Il processo digitale
“Sito del Tribunale in tilt, avvocati costretti a scambiare informazioni in chat”, l’accusa di una penalista
Alessandra Cangiano, avvocato penalista, accetta di analizzare col Riformista le difficoltà, proprio quelle pratiche e concrete nelle quali ogni giorno gli avvocati napoletani si imbattono. Perché ripensare al sistema giustizia per chi è al Governo non può prescindere dal tener conto di quel che accade quotidianamente nei tribunali, dei piccoli e grandi ostacoli che bisogna superare per svolgere il proprio lavoro. «Le criticità del sistema sono tante, a partire dalla questione fantomatica del 415bis, del portale del deposito degli atti penali. Poi ci sono falle che riguardano in prevalenza il dibattimento e credo sia l’aspetto più importante», spiega Cangiano.
Lei è di quelle che non respinge a priori il processo digitale e non vede la rivoluzione tecnologica, quella che di fatto si sta attuando nel sistema della giustizia, come un mostro contro cui combattere. Anzi. «Mi auguro che quanto prima sarà possibile visionare tutti i fascicoli da studio, quindi da remoto. Personalmente sono una fautrice del processo digitale, solo per le attività di cancelleria: l’ho provato, ho avuto anch’io problemi, mi sono impegnata e sto cercando di capire come funziona il sistema. Per noi avvocati l’attività propedeutica all’attività dibattimentale è fondamentale e poterla fare da studio, avendo ovviamente una serie di strumenti adeguati che sono necessari, è una rivoluzione che ci consente di lavorare da casa o da studio quando non si hanno udienze e di studiare bene i processi per poi andarli a discutere in tribunale. Ciò implica una fruibilità del sistema che non sempre funziona, soprattutto in determinati orari e quando c’è un accesso massivo da parte di tutti gli avvocati. Inoltre, non sempre riesce ad autenticare l’avvocato, il quale è costretto a mandare la pec rischiando lo scarto del sistema o l’inammissibilità con la scadenza dei termini e a pagarne le conseguenze sono l’avvocato e il suo cliente».
C’è anche un problema di informazione. «Non tutti gli avvocati sono stati adeguatamente informati dei browser che devono essere utilizzati e delle chiavette necessarie per la firma digitale per poter accedere al portale – aggiunge Cangiano – E il dibattimento è diventato un delirio per cui gli avvocati usufruiscono di chat create con WhatsApp oppure sul Gruppo sostituzioni Covid, disperati, chiedono le informazioni più strambe perché non sanno cosa fare il giorno dopo. Purtroppo il tribunale di Napoli è un tribunale grande e il sito non è sempre aggiornato. Le criticità sono tante».
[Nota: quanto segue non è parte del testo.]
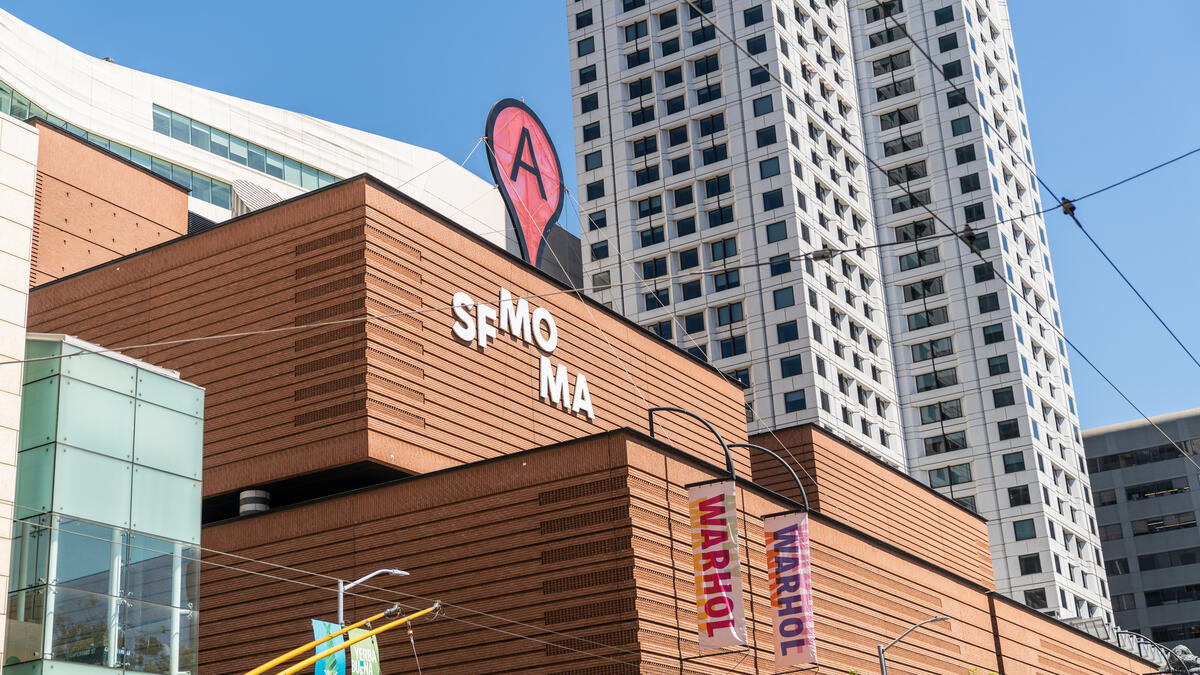 SFMOMA's stepped terracotta-coloured facade, museum lettering and banners in front of neighbouring buildings.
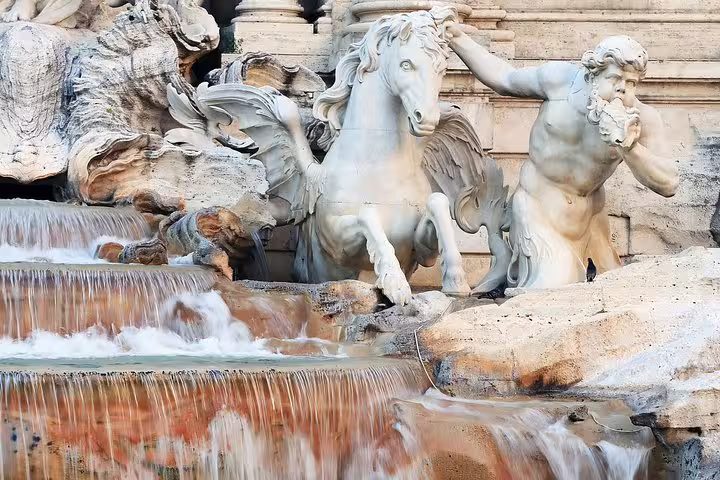 Close-up of Trevi Fountain statues and cascading water in Rome, showcasing baroque details on a guided fountains walking tour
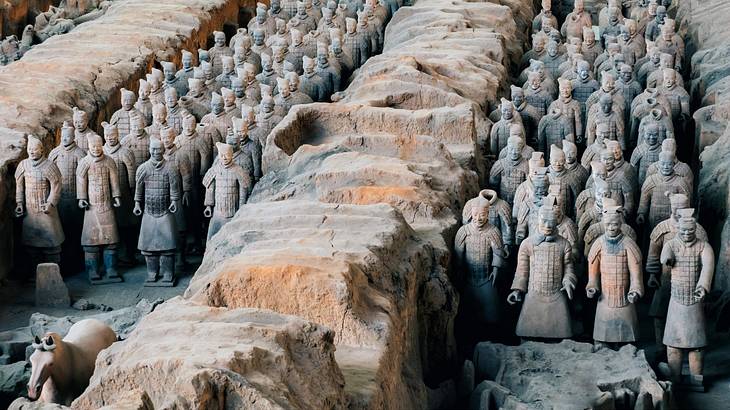 Groups of ancient warriors made of terracotta lined up between stone walls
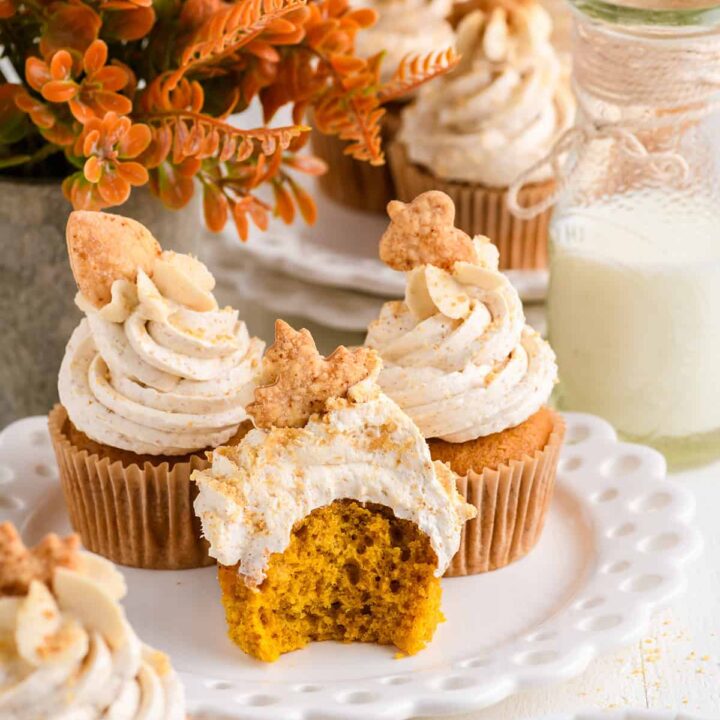 Three Pumpkin Pie Cupcakes on a white plate with bite and milk bottle.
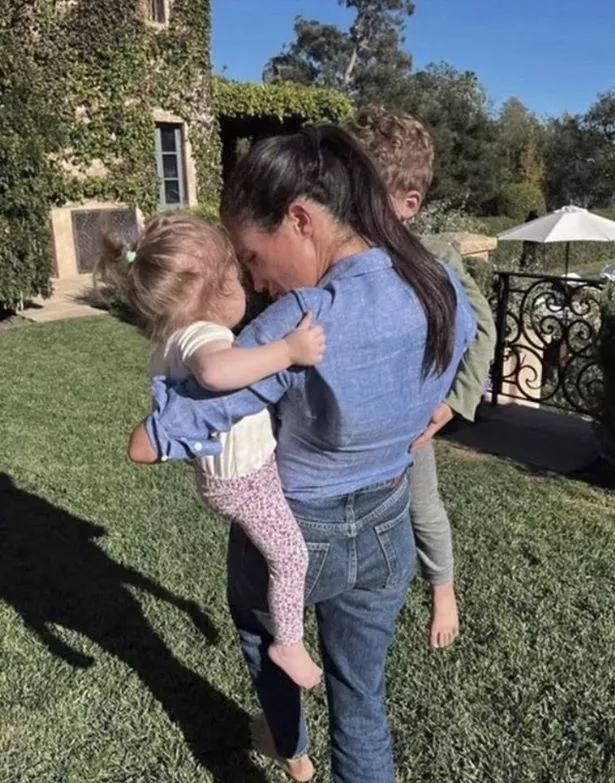 Meghan Markle holding her children Archie and Lilibet on each hip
E non sono solo criticità di natura operativa e pratica. «C’è anche un dato politico – osserva la penalista – Il problema più grave è che sono state prese decisioni e sono stati fatti accordi senza consultare l’avvocatura o almeno tutta l’avvocatura. L’avvocatura non è stata avvertita in tempo avvertita né è stata invitata in sede di progettazione del sistema, perché se illo tempore fosse stata invitata al tavolo tecnico avrebbe sicuramente rappresentato al Dgsia (la direzione dei sistemi informativi del Ministero della Giustizia) e agli stessi procuratori che così facendo la nostra attività difensiva sarebbe stata molto compressa, e così anche i diritti dei nostri assistiti».
La questione è complessa e una riflessione su questa rivoluzione digitale verso la quale si avvia il mondo della giustizia deve considerare, tra i vari aspetti, anche quello culturale. «Serve sicuramente un cambiamento anche culturale – commenta – Purtroppo gli avvocati non sono stati adeguatamente informati di queste innovazioni tecnologiche, molti hanno un rifiuto materiale di fronte a questa sorta di imposizione e altri non possiedono ancora una chiavetta per la firma digitale. Ci è stata messa davanti una condizione: o il portale o niente. Ma non si può utilizzare la pandemia per imporci un sistema che può essere una gran cosa e un primo passo verso un’innovazione tecnologica, ma non andava servito già progettato».